Even unto the last days of the District of Columbia’s race for mayor, there had been buzz — vague and misty, but still — that this could be a tight race, that there remained an unsettled atmosphere and that there was a chance — slim, but still — that Independent challenger David Catania might pull off an upset.

Part of the reason that prospect even existed at the late hour was that Catania had, like favorite Muriel Bowser, hustled in the hustings, knocking on doors. According to some polls, early in the fall, he had cut Bowser’s early double-digit lead down to singles, although his momentum appeared to have stalled.

Still during the last days of the campaign, there was that little buzz in the media — vague and misty, but still — although none of it was coming from the Bowser campaign, or Bowser herself, who looked serene and confident when we talked to her just a few days before the election.

At that time, we asked her how it felt after all the effort—she won the D.C. Democratic Primary handily over Mayor Vincent Gray, and Tommy Wells, Jack Evans and Vincent Orange back in April and kept up a efficiently organized, low-key, non-confrontational, four-debate campaign — she was in a campaign considered by some to be competitive.

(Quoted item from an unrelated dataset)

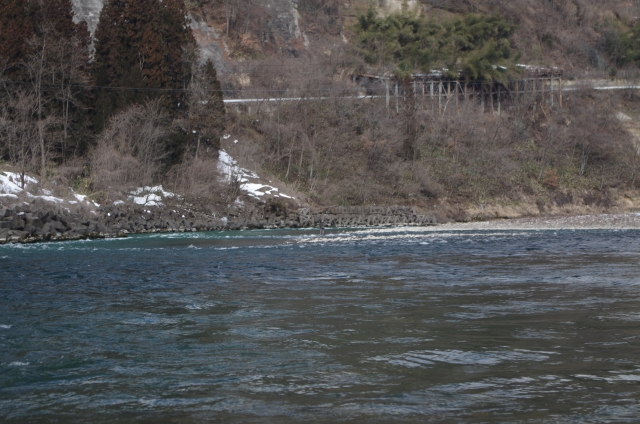 IMGP0005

She considered that. “Is it?” she asked.

The guess here is she knew something, because Bowser swamped Catania, the now former at-large District Councilmember of considerable achievement right from the get-go, jumping out to a 20-point lead and never looking back, right up to the moment where she danced to the Alicia Keys’s song “Girl On Fire” at her victory party at the renovated Howard Theatre.

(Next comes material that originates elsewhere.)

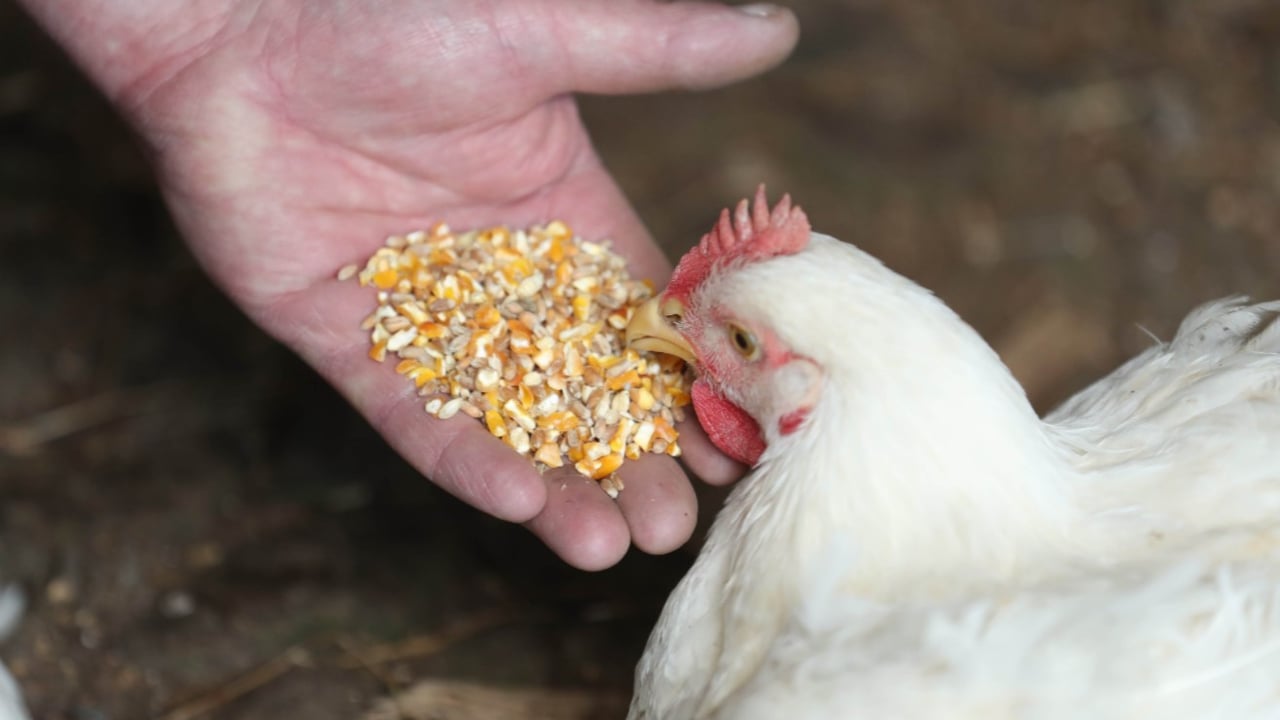 Farmers to Market outlines sustainability goals under Origin Green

The result: Bowser, 80,824 votes, or 55.0 percent; David Catania, 52,800 or 36 percent; and 10,616 votes (7.2 percent) for Independent former at-large District Councilmember and four-time mayoral candidate Carl Schwartz.

Bowser, at the victory party, and at the National Press Club the following day, stated that she had “a clear mandate” for a “fresh start” and that the status quo would not be enough. As in her campaign, she stuck to grand themes and provided few policy details.

There were few surprises in the D.C. election as a whole, but there will be three more new council members. They include Elissa Silverman, (economics expert and former “Loose Lips” columnist) who finished behind incumbent Anita Bonds in the crowded (at least 17 candidates, most of them newly minted Independents) race to fill two council at-large seats, including the one abandoned by Catania. In Ward 1, there’s Brianne K. Nadeau, who unseated incumbent Jim Graham in the Democratic Primary in April, and in Ward 6, there’s Charles Allen, who took over the seat of Tommy Wells, who had to give up his seat to run for mayor and lost in the Democratic primary. Allen was Wells’s chief of staff.

Winning re-election were Mary Cheh in Ward Three and Kenyon McDuffie in Ward 5.

In the first-ever race for District of Columbia Attorney General (formerly an appointed position), veteran D.C. lawyer Karl Racine won easily, a bitter pill to swallow for Adams Morgan lawyer Paul Zukerberg, who had almost solely led the campaign to get the measure to make the attorney general be an elected office. Zukerberg, undermanned and under financed, finished fifth.

Eleanor Holmes Norton easily won re-election to her post as D.C. Delegate (non-voting) to the House of Representatives.

Initiative 71—legalization of marijuana—also won easily—with only the one precinct in the District opposing. Of course, given that Congress messes with D.C. legislation, budgets and laws routinely—especially with the GOP roll-over in the mid-term elections, this is not entirely a done deal, depending on what GOP lawmakers do.